Endel makes AI-powered soundscapes that adapt to your body. Heart rate, time of day, motion — the sound shifts in real time. It's one of the most interesting products at the intersection of AI, music, and wellness. But there's a gap: you can't see why the sound was chosen for you.

I built a demo that fills that gap.

The Problem

Endel's personalization engine is doing real work. But users can't see it. When a soundscape shifts, there's no way to know if it's responding to your biometrics or just cycling through variations. The most common user feedback: "I can't tell if it's actually personalized."

This matters because Endel's entire value proposition depends on the listener believing the sound is for them. The intelligence is real. The visibility isn't.

What I Built

Endel Insights pulls real biometric data from an Oura Ring and translates it into three things:

A human-readable state interpretation. Not raw numbers, but language: "You're running on 6 hours of sleep with an HRV balance of 42 — your nervous system is still catching up."

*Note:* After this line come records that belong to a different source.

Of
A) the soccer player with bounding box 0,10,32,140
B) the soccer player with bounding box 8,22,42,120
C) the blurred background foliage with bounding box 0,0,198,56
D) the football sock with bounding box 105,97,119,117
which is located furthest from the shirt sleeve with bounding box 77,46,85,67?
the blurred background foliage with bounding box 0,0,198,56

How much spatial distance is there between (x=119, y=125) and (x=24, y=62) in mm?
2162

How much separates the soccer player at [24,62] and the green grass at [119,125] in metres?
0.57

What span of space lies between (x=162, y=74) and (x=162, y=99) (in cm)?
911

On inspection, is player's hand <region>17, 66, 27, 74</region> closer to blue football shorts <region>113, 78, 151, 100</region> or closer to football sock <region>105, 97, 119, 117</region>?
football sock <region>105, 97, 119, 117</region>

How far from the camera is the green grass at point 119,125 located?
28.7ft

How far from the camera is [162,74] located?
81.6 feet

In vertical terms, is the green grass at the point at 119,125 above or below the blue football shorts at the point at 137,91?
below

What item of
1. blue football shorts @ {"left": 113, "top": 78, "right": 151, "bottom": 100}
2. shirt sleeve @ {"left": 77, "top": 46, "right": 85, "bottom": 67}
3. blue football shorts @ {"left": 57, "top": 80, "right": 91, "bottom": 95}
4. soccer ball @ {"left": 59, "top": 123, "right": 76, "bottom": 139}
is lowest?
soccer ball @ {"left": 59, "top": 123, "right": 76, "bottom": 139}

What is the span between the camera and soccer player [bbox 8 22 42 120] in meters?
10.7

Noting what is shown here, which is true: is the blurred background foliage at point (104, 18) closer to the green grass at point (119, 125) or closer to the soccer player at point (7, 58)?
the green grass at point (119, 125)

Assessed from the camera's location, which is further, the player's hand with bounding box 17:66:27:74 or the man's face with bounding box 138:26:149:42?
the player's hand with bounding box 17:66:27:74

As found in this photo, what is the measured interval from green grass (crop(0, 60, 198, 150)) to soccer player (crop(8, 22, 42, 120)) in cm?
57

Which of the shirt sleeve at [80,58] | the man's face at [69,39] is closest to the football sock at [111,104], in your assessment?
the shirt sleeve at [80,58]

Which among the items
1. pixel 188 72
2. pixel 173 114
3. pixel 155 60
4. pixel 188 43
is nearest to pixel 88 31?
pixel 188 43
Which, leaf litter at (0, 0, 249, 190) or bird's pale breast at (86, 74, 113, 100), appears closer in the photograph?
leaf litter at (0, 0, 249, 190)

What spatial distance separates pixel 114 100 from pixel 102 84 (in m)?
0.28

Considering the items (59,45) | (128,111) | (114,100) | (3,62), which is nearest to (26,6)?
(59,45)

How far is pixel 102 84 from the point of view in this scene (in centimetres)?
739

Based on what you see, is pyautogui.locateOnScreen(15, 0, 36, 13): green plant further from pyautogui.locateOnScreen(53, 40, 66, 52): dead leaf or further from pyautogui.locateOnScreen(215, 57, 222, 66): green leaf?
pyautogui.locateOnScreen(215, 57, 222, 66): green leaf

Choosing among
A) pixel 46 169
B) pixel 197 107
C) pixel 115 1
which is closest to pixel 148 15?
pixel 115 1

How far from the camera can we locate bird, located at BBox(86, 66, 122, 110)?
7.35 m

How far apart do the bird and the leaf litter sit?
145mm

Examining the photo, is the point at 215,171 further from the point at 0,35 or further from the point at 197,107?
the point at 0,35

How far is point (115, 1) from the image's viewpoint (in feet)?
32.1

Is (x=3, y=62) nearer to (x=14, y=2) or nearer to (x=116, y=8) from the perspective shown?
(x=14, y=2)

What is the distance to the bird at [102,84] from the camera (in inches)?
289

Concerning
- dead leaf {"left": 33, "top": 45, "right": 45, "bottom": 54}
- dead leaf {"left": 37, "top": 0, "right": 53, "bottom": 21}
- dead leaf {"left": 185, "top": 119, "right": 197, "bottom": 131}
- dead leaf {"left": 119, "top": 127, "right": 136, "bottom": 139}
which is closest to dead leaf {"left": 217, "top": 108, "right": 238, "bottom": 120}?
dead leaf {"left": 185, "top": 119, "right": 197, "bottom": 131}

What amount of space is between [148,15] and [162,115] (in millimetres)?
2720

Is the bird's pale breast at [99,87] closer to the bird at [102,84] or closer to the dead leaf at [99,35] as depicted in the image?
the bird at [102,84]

A soundscape recommendation with visible reasoning. Instead of just playing sound, the system explains why: "Your HRV balance tells me your autonomic nervous system is still in recovery mode. Brown noise with slow harmonic drift supports parasympathetic activation — low frequencies your body can settle into without effort."

A generated soundscape. Brown noise, pink noise, or white noise shaped by a tonal drone, harmonic layer, and LFO modulation — all parameters derived from the biometric interpretation. Procedurally generated with the Web Audio API. No audio files.

The Insight

Explainability isn't just transparency — it's a product feature. When users can see why a soundscape was chosen for them:

  • Trust increases. Users who understand why they're hearing brown noise at 55Hz after a bad night of sleep are more likely to believe it's working.
  • Engagement deepens. The app becomes a mirror for self-knowledge: "Every time my HRV is below 50, it recommends recovery mode."
  • A feedback loop becomes possible. Once users can see the reasoning, they can evaluate it. Over time, this creates a preference model that makes personalization genuinely personal.

Try It Yourself

The demo ships with my Oura Ring data, but if you have your own Oura Ring you can paste your personal access token directly into the interface and see the whole experience regenerate from your biometrics. That moment — when you see your own data interpreted into a soundscape that makes sense — is when the idea clicks.

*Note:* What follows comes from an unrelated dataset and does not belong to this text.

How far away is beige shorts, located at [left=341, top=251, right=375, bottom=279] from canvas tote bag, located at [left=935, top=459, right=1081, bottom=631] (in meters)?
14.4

Try Endel Insights · View Source

Technical Stack

React + TypeScript frontend with Space Mono and a black-and-white aesthetic. Express backend proxying the Oura Ring API and Claude API. Claude generates the natural-language state interpretation and maps biometric signals to specific audio parameters. The Web Audio API generates the soundscape procedurally — oscillators, noise generators, filters, and LFO modulation. Rule-based fallback when the AI layer is unavailable.